中東情勢を受けた原油価格高騰に伴い、日本銀行が金融政策運営で重視する物価の基調判断が複雑さを増している。原油高の長期化で物価の基調が上振れれば、景気に下押し圧力がかかる中での利上げの是非を問われることになる。

複数の関係者によると、原油価格上昇が長引く場合、予想インフレ率を高め、一時的な要因を除く基調的な物価上昇率を押し上げる可能性に留意が必要だという。デフレ経済下では景気への悪影響による基調物価の下振れ対応が優先されたが、上振れへの配慮も必要になったことに日本経済の大きな変化と関係者は口をそろえる。

Photographer: Kiyoshi Ota/Bloomberg

地政学リスクの高まりによる原油価格の急騰は、2022年2月のロシアによるウクライナ侵攻のケースが記憶に新しい。原油価格は1バレル=120ドルを突破し、インフレ高進を背景に世界の主要中央銀行は断続的な利上げに追い込まれた。
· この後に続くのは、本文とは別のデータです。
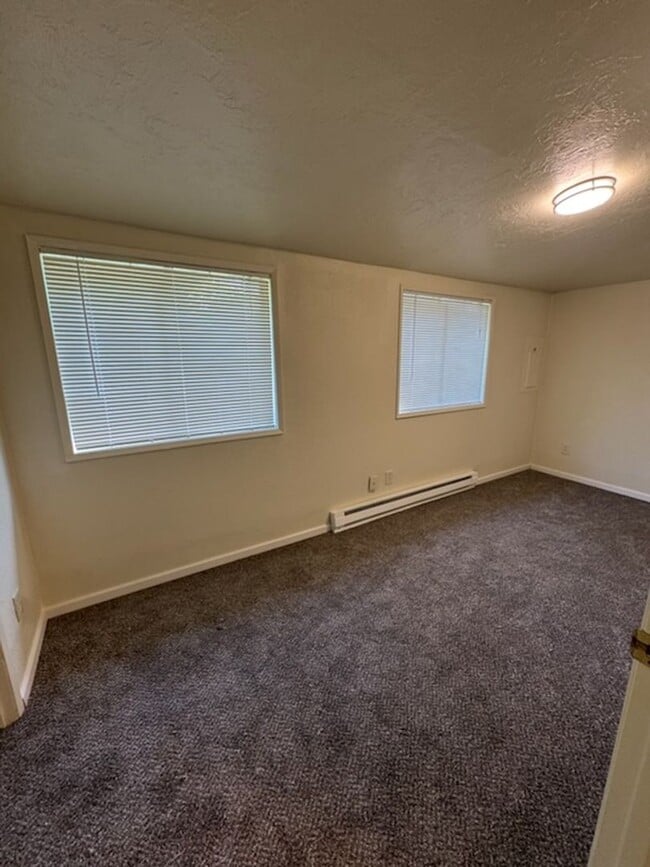 Building Photo - STATUS: PENDING APPLICATION-| R80E| $1495.00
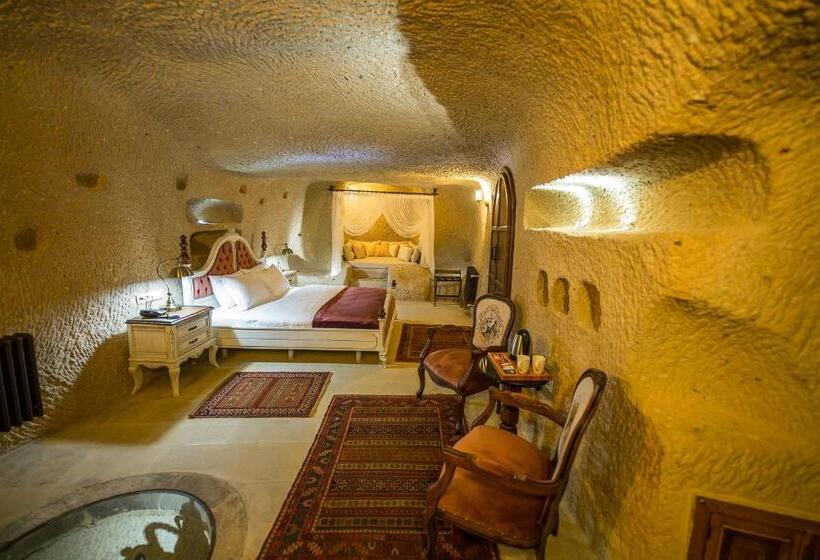 スーペリアファミリールーム, Maya Cave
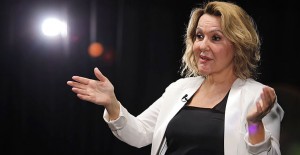 Sumru Yavrucuk’tan Takipçisine Çene Cevabı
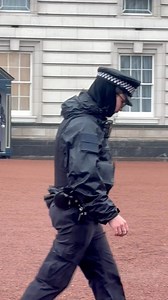 SO MUCH RESPECT & GRATITUDE FOR YOUR SERVICE, SIR! #Respect #gratitude #service #police | London Kings Guards LKG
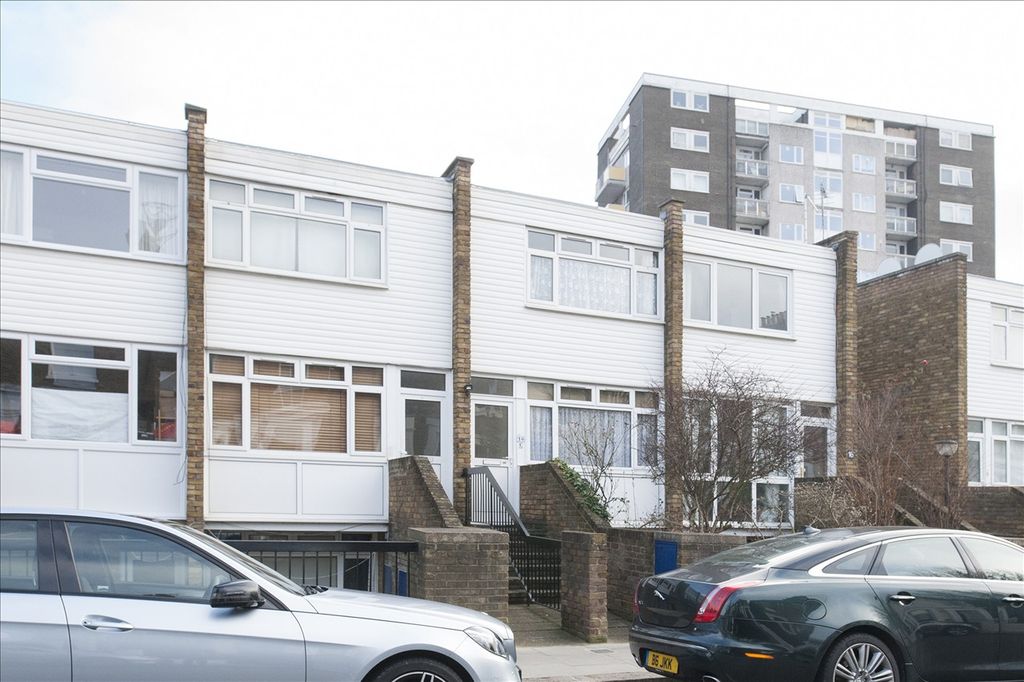 Property photo 3 of 6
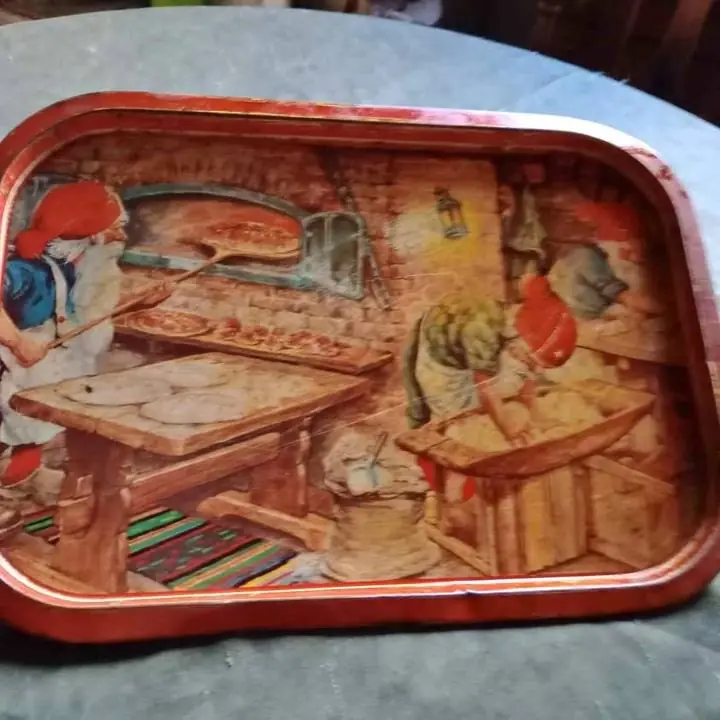 Bandeja antigua de mesa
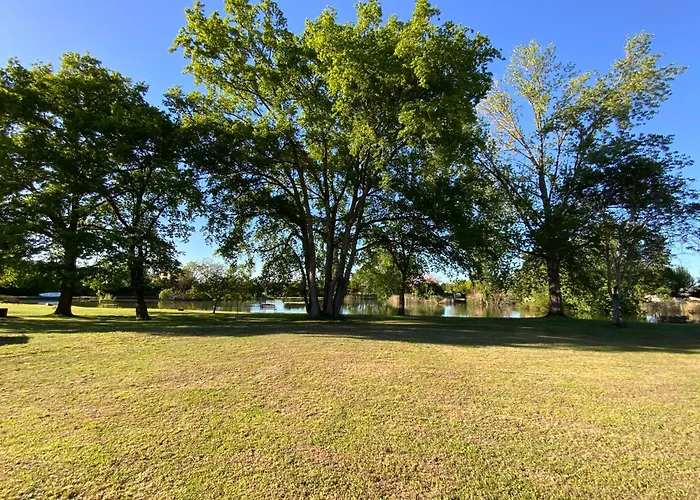 Le Renaissance Hotel 3*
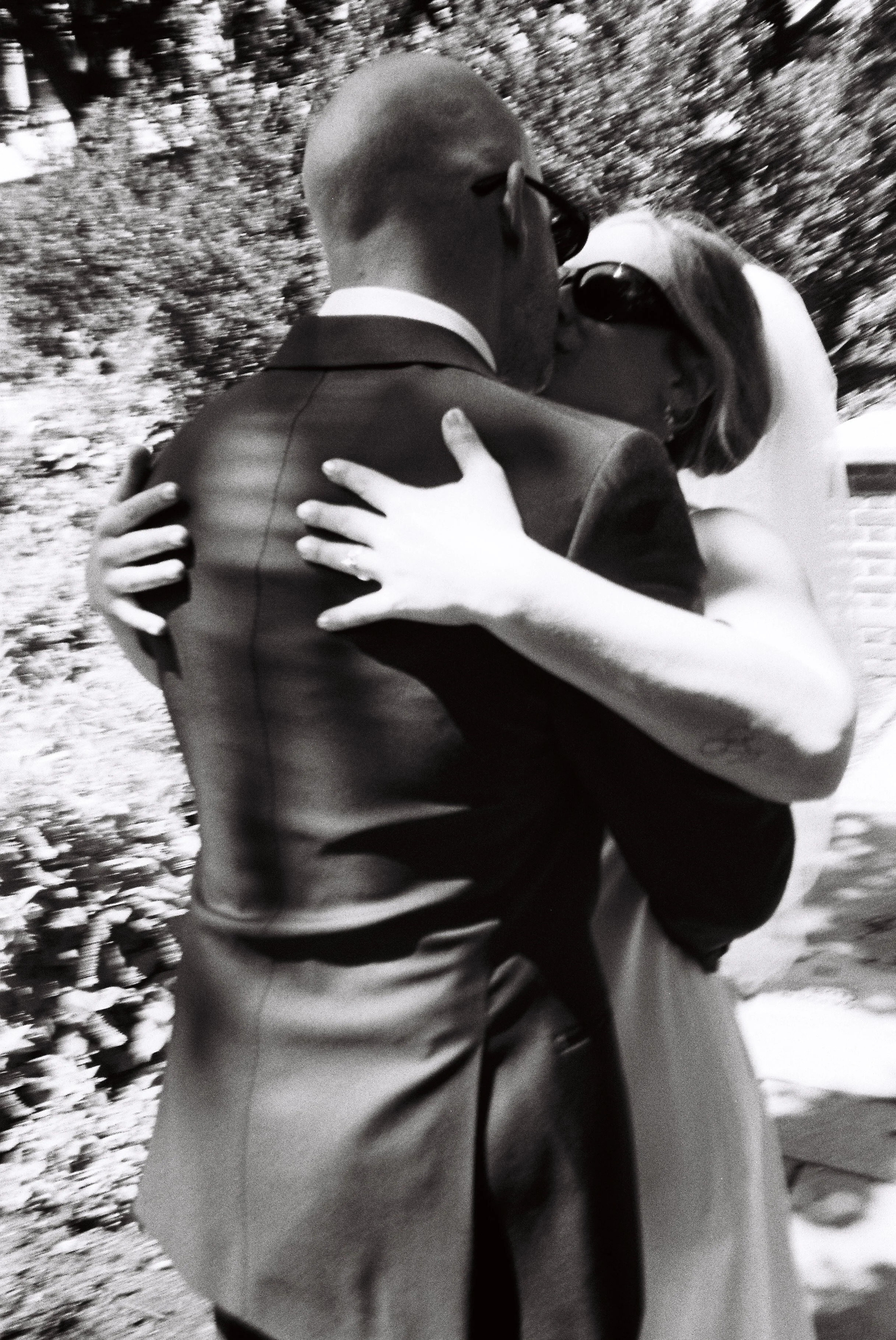 philadelphia-film-wedding-photographer-kiss.JPG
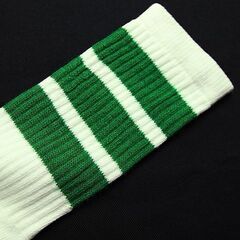 (3957) SkaterSocks (スケーターソックス) ロングソックス 靴下 男女兼用 ソックス チューブソックス Knee high White tube socks with Green stripes style 1 (22インチ) スケボー SK8 SKATEの画像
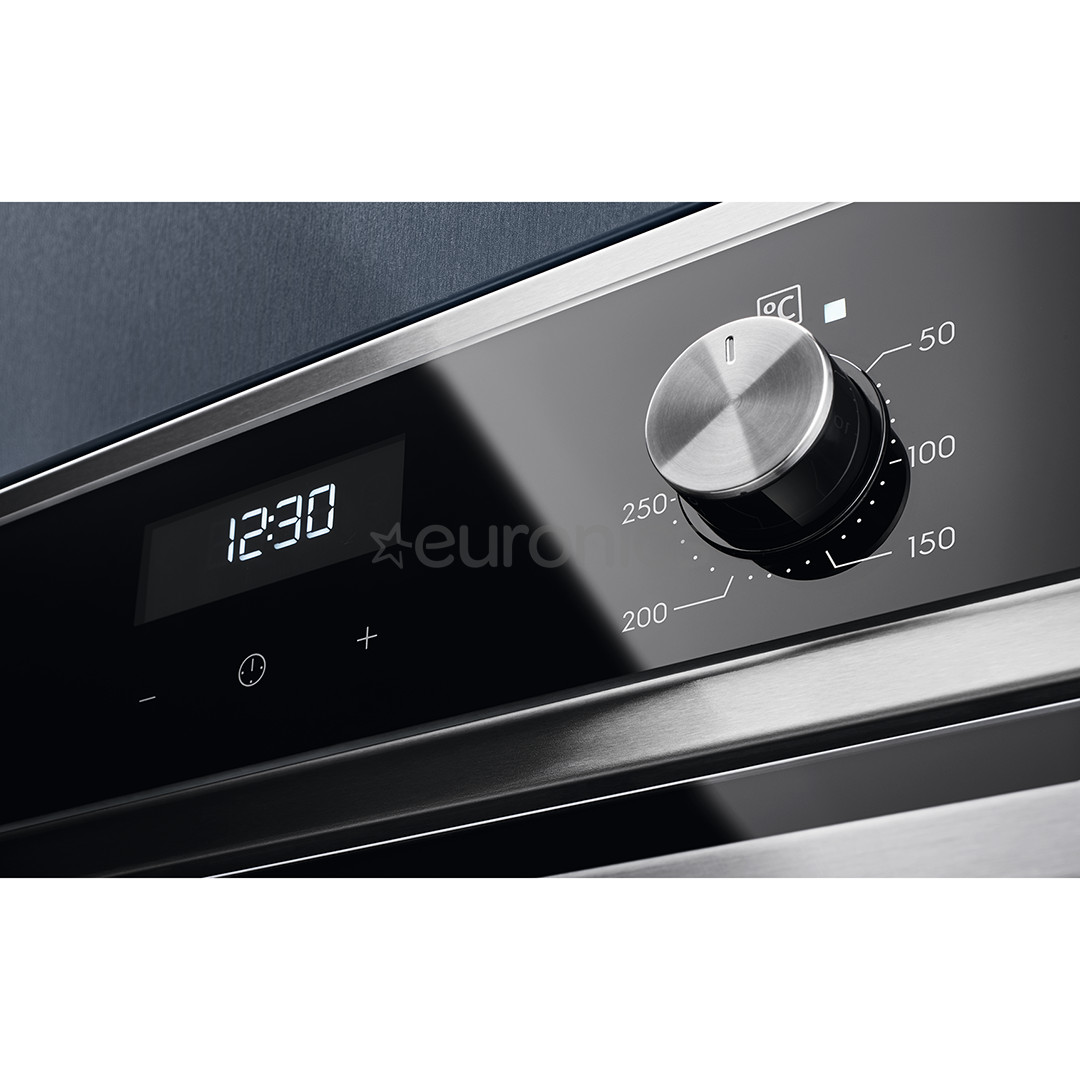 Electrolux 600 SteamBake, 65 L, inox - Built-in oven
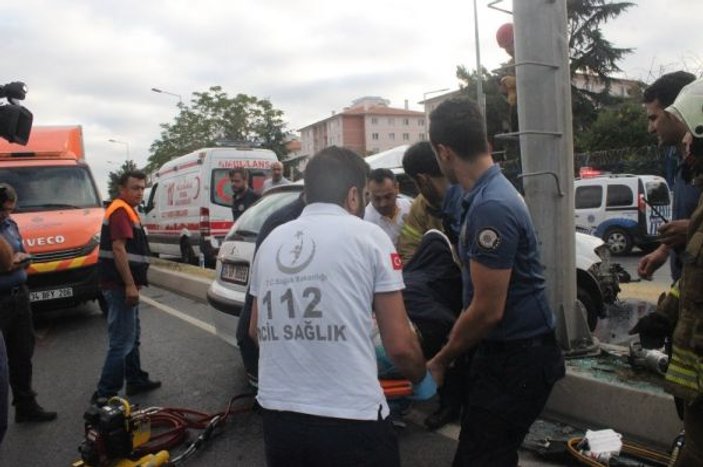 Bakırköy'deki feci kazada anne oğul ölümden döndü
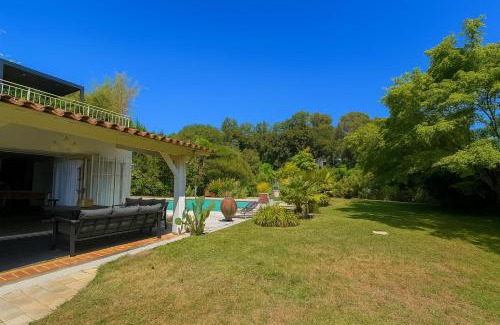 Roquefort-les-Pins Apartment | Le Clos du Roc d'Azur Suite climatisée , terrasses privées, piscine, parking sécurisé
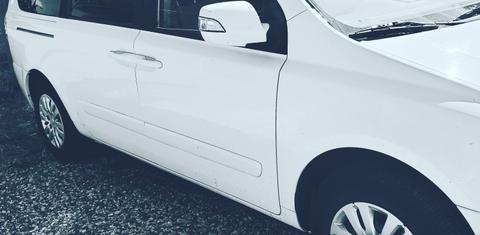 Kia Sedona 2012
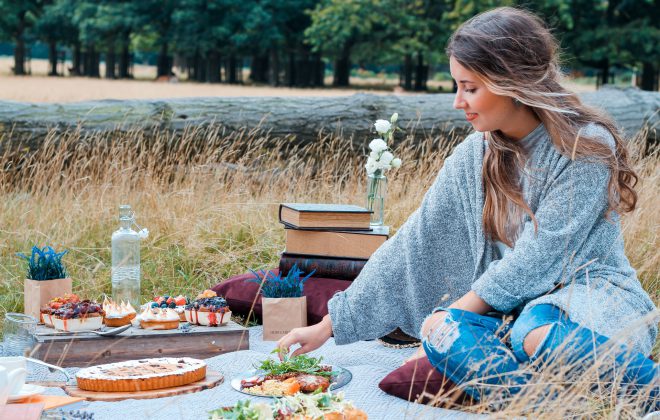 vend piknik në Evropë duke ngrënë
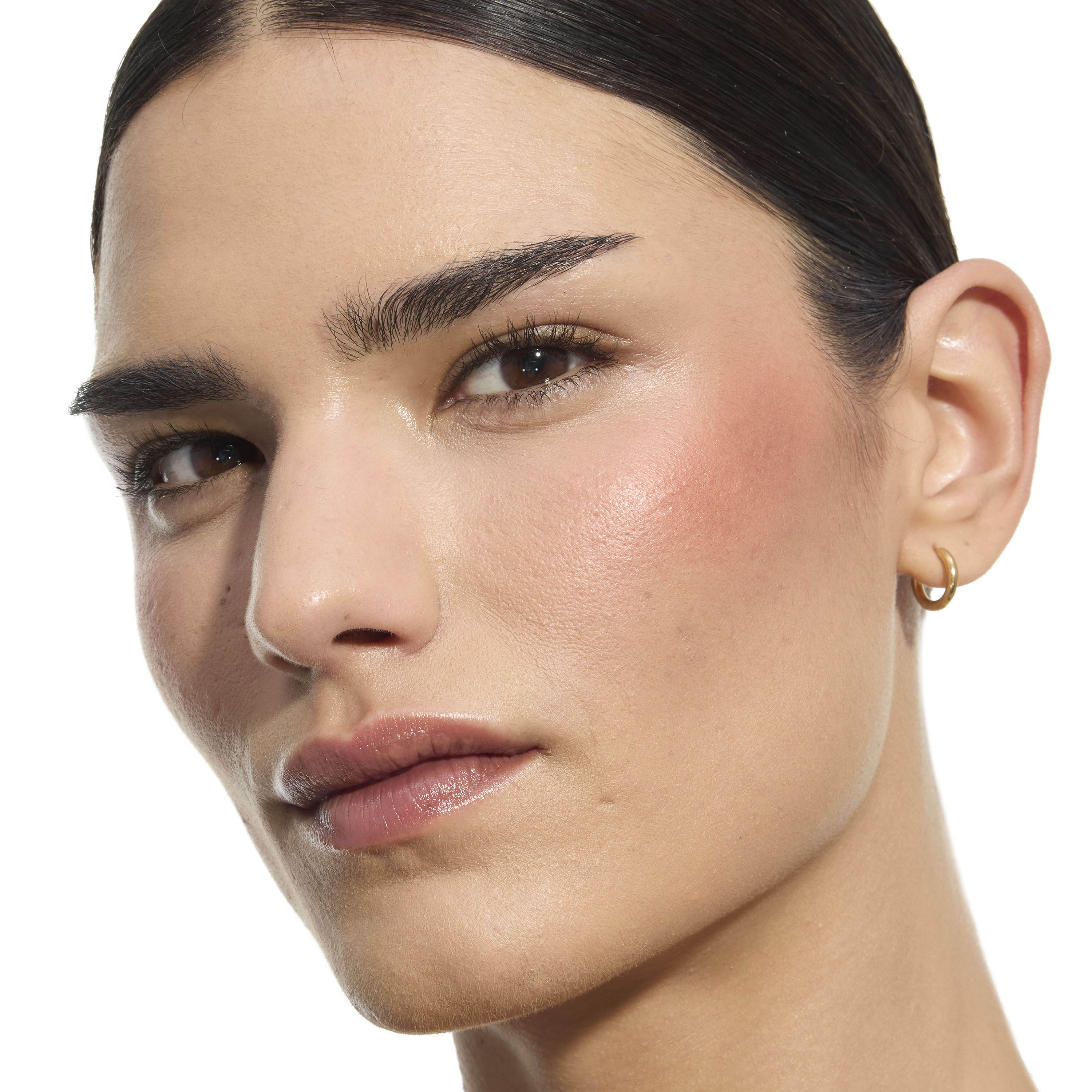 BLUSH EM PO COMPACTO YSL MAKE ME BLUSH POWDER COM EFEITO MATTE E ACABAMENTO IMPECAVEL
日銀は物価上昇は一時的としてマイナス金利政策などの大規模緩和を継続した。

ここ数年は企業の価格設定行動や個人の物価観が変化しており、エネルギーコストの上昇が原材料価格や物流費などの押し上げを通じて販売価格に転嫁されやすくなっている。人手不足の中、原油高を受けて、賃金を含めた基調物価が上振れる可能性が高まったとの見方が日銀内の一部にある。

エネルギーの輸入依存度が高く、原油調達の9割を中東に頼る日本にとって、原油高は海外への所得移転やコスト上昇を通じて景気の下押しにつながる。企業収益の減少が設備投資や賃上げを抑制し、基調物価を下押しするリスクの方が依然として大きいとの懸念も強く、日銀内の見方に温度差が広がっている。

植田和男総裁は基調物価は目標の2%に近づいているとの認識を示しており、複数の政策委員がすでにおおむね2%に達していると判断している。原油高による景気下押しの程度にもよるが、ほぼ目標水準にある基調物価の追加的な上振れリスクの高まりは、日銀に利上げ判断を迫る要因となり得る。

中東情勢の帰すうが見えない中、18、19日の金融政策決定会合では、政策金利を0.75%程度に維持する公算が大きい。原油高を受けた日本経済の下振れリスクを警戒しつつ、物価と賃金が高水準で循環的に上昇していく供給ショックの二次的波及が生じないかを注視していく姿勢だ。

注目は、植田総裁の中東情勢や金融政策運営に関する見解になるが、経済・物価が見通しに沿って推移すれば、利上げを続ける姿勢を維持するとみられる。外国為替市場で再び円安圧力が強まる中、より広くインフレをもたらす円安進行への目配りも不可欠で、市場との対話は困難さを増している。

シナリオ

現段階で中東情勢が経済・物価に及ぼす影響は、リスク要因と位置付けられる可能性が大きく、日銀が描く経済・物価の中心シナリオに変化はない見通しだ。日銀は賃金と物価が共に緩やかな上昇を続ける中で、基調物価が26年度後半から27年度にかけて2%の物価安定目標と「おおむね整合的な水準で推移する」とみている。

ただ、基調物価の上振れ、下振れ双方向のリスクを抱えた大きなショックが生じる中、4月会合で議論する経済・物価情勢の展望(展望リポート)ではシナリオ修正の是非が焦点になり得ると関係者は指摘した。4月公表の日銀短観(3月調査)や支店長会議といったさまざまなデータや情報を踏まえて入念な分析を行う方針だ。

複数の関係者によると、日銀は中東情勢の緊迫化を受けて内外経済の不確実性が高まる中でも利上げ路線を堅持しており、4月に利上げが必要な環境になる可能性も現時点で排除していない。ブルームバーグがエコノミスト51人を対象に行った調査では、最多の37%が4月の追加利上げを予想した。

原油高と円安という二重のコスト上昇要因の顕在化は、物価高対策を推進する高市早苗政権にとっても深刻な問題だ。利上げに慎重とみられている高市首相が原油高の経済・物価への影響をどのように認識し、物価の上振れリスクが高まった場合の政策金利引き上げに理解を示すかも市場は注視している。

調査では、高市首相が金融緩和に前向きとされる学者2人を新たな日銀審議委員の候補として国会に提示した人事案について、日銀に利上げを緩やかに進めるよう求めた明確なメッセージとする見方が81%に達した。一方で、円安のさらなる進行への懸念から、高市首相が日銀の利上げを阻止するのは困難と55%がみている。